— The task —
Both the line below containing "Used 2015 Lexus RX 350 AWD image 8" and the line containing "I got good news", along with every line between them, should be repeated exactly; no other line belongs in the answer.

— Dataset records —
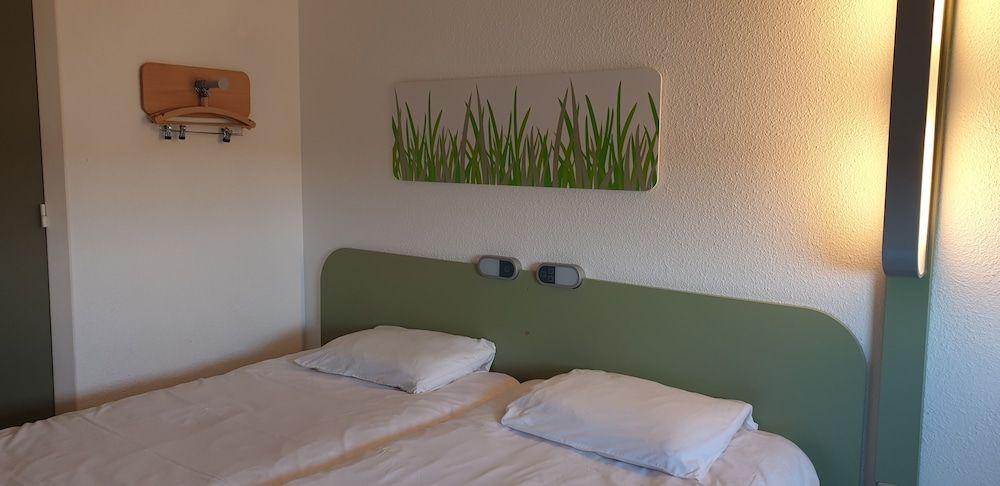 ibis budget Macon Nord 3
* * *
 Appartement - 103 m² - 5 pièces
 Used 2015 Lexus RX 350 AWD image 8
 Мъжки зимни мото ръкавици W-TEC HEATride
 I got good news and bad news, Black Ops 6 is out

— Answer box —
 Used 2015 Lexus RX 350 AWD image 8
 Мъжки зимни мото ръкавици W-TEC HEATride
 I got good news and bad news, Black Ops 6 is out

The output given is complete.